What you will do — Each line of the data is to be output verbatim, with the images removed.
::: Collected data
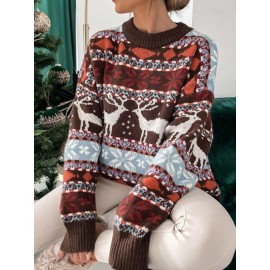 Women's Christmas Jacquard Sweater - Reindeer & Snowflake Cable- Pattern, Brown/White/Blue/Green/Red, Loose Fit Long Sleeve Round Neck Pullover, Cozy Winter Sweater for Holiday Parties & Casual Wear (Machine Washable)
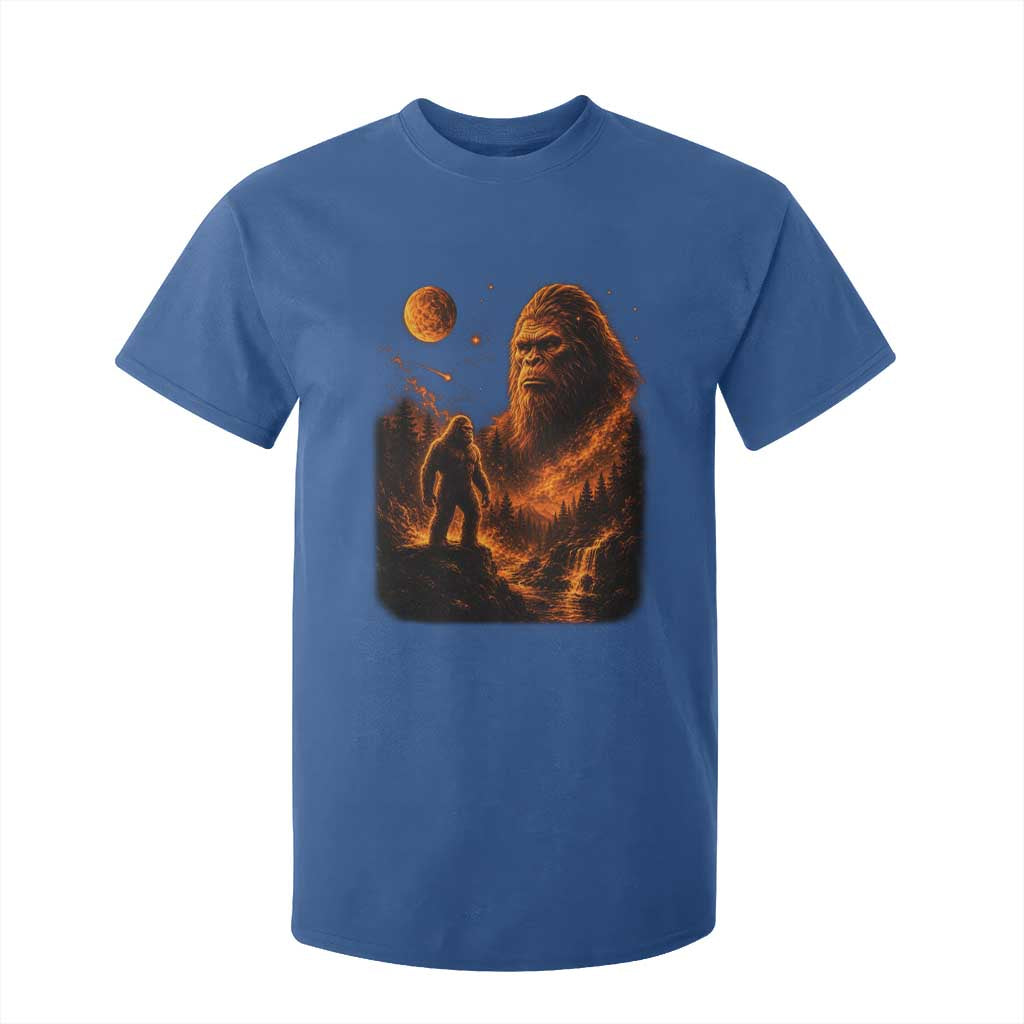 Bigfoot Sasquatch Under The Moon Night Forest Graphic T Shirt For Kid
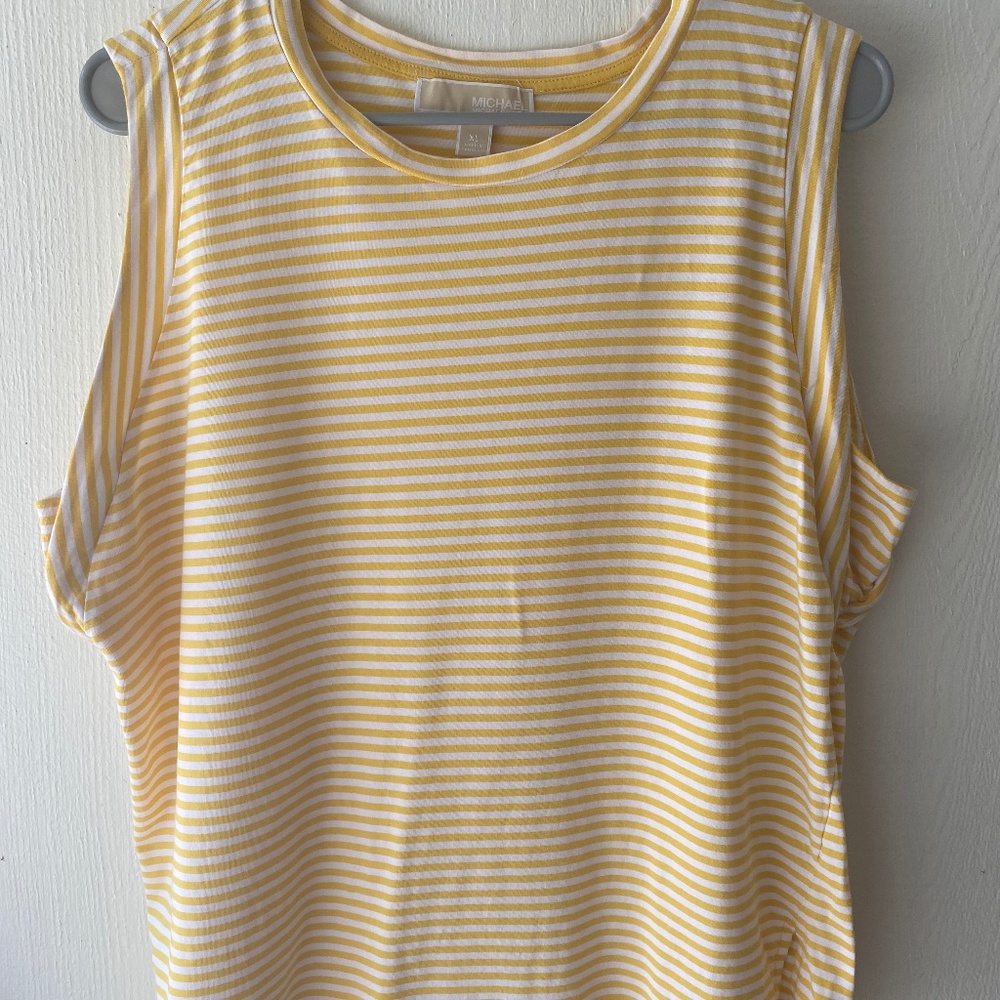Womens Michael Kor sleeveless t-shirt yellow and white stripe.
::::::
Task result —
 Women's Christmas Jacquard Sweater - Reindeer & Snowflake Cable- Pattern, Brown/White/Blue/Green/Red, Loose Fit Long Sleeve Round Neck Pullover, Cozy Winter Sweater for Holiday Parties & Casual Wear (Machine Washable)
 Bigfoot Sasquatch Under The Moon Night Forest Graphic T Shirt For Kid
Womens Michael Kor sleeveless t-shirt yellow and white stripe.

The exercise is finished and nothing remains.